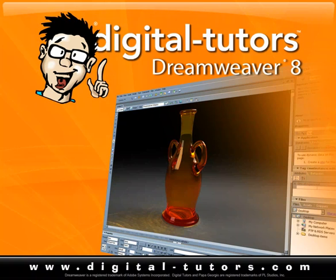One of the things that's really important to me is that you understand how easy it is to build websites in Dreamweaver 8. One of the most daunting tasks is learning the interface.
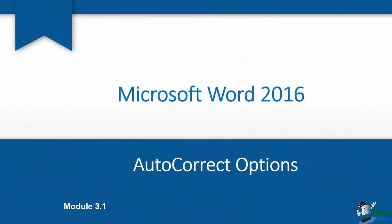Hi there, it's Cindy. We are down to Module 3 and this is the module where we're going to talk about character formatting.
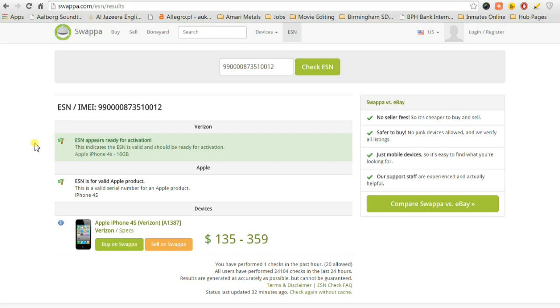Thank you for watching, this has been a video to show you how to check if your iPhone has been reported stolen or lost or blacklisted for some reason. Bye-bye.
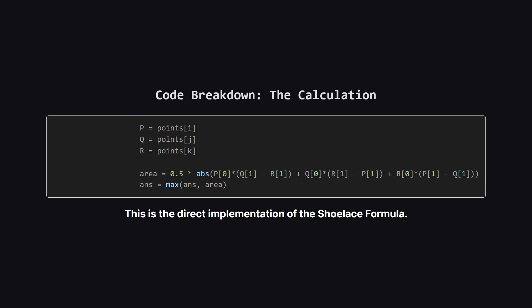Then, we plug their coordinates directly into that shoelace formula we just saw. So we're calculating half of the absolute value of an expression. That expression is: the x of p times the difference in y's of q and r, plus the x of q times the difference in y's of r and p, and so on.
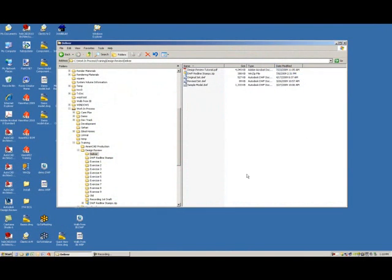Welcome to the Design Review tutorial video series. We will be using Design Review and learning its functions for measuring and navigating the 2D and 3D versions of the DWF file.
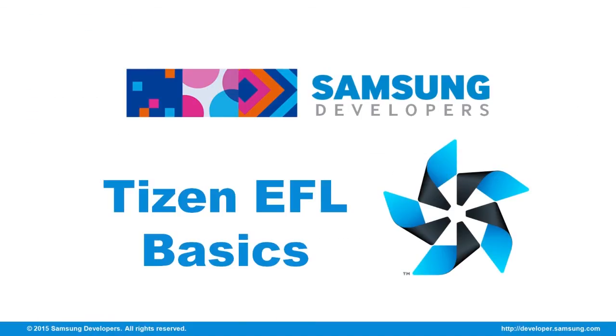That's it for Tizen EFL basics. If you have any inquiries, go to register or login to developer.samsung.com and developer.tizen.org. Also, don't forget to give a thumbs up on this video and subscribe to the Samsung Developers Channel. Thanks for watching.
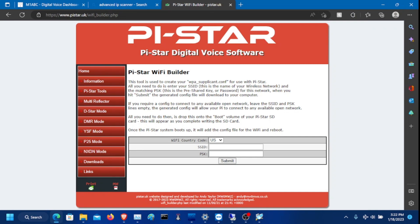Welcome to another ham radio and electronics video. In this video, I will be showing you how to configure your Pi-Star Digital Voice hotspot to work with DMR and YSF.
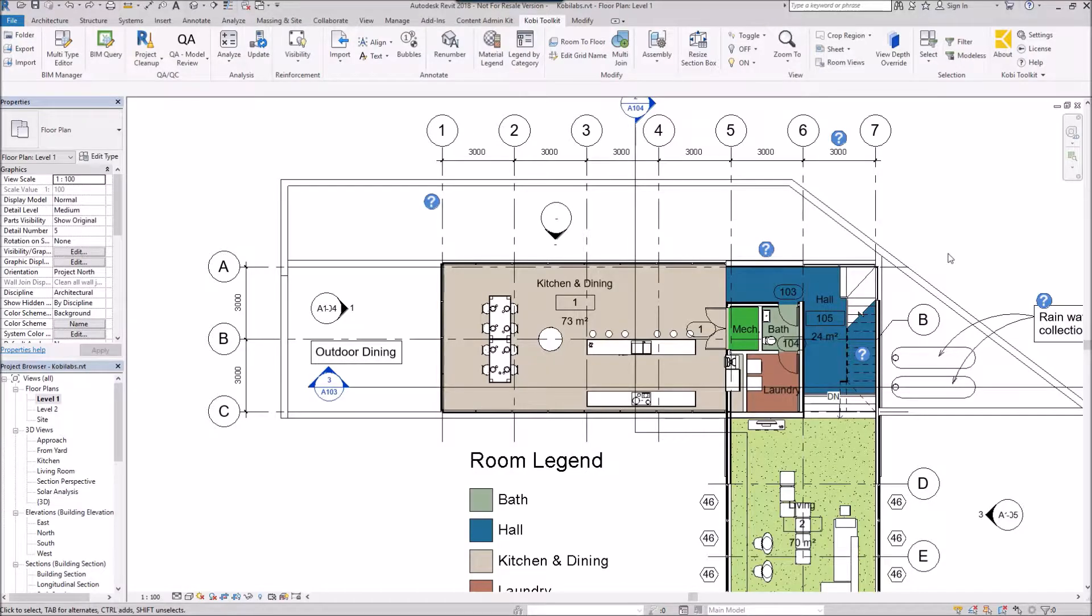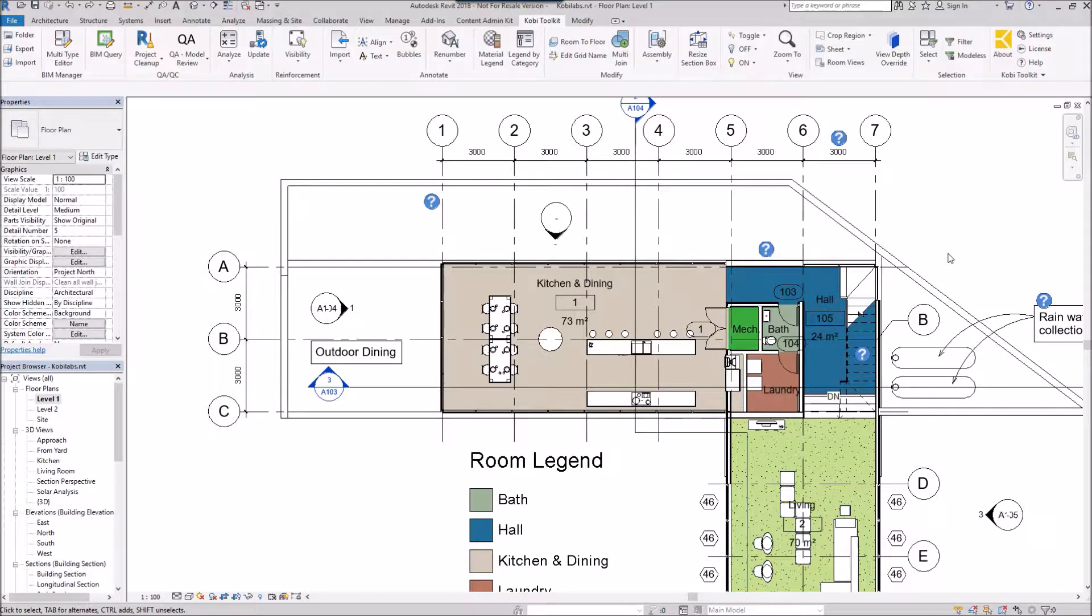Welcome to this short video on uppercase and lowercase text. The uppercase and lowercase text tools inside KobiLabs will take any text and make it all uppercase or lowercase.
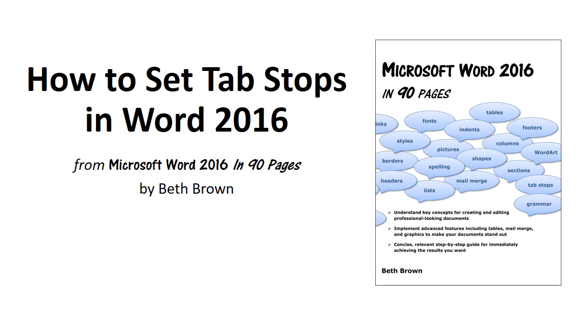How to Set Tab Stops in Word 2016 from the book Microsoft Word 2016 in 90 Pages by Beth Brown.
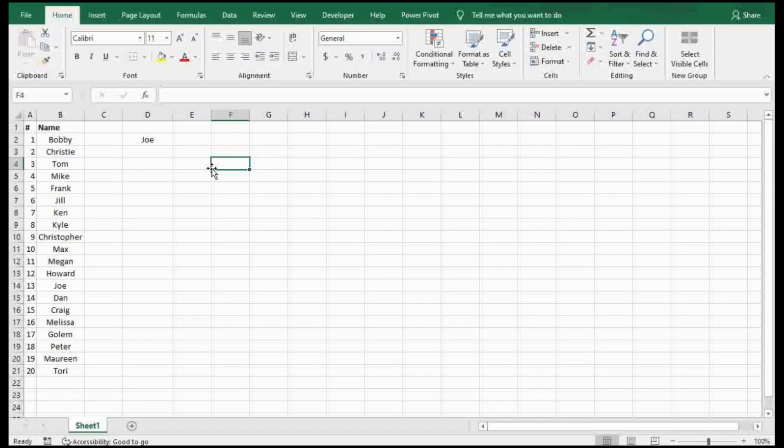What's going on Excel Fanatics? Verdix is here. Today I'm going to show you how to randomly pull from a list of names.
========
TASK GOAL: Look above for the line with "Hi there, it's" and copy exactly from it through the line with "Thank you for", both included. Omit the pictures.

RESULT FOR THIS EXERCISE:
Hi there, it's Cindy. We are down to Module 3 and this is the module where we're going to talk about character formatting.
Thank you for watching, this has been a video to show you how to check if your iPhone has been reported stolen or lost or blacklisted for some reason. Bye-bye.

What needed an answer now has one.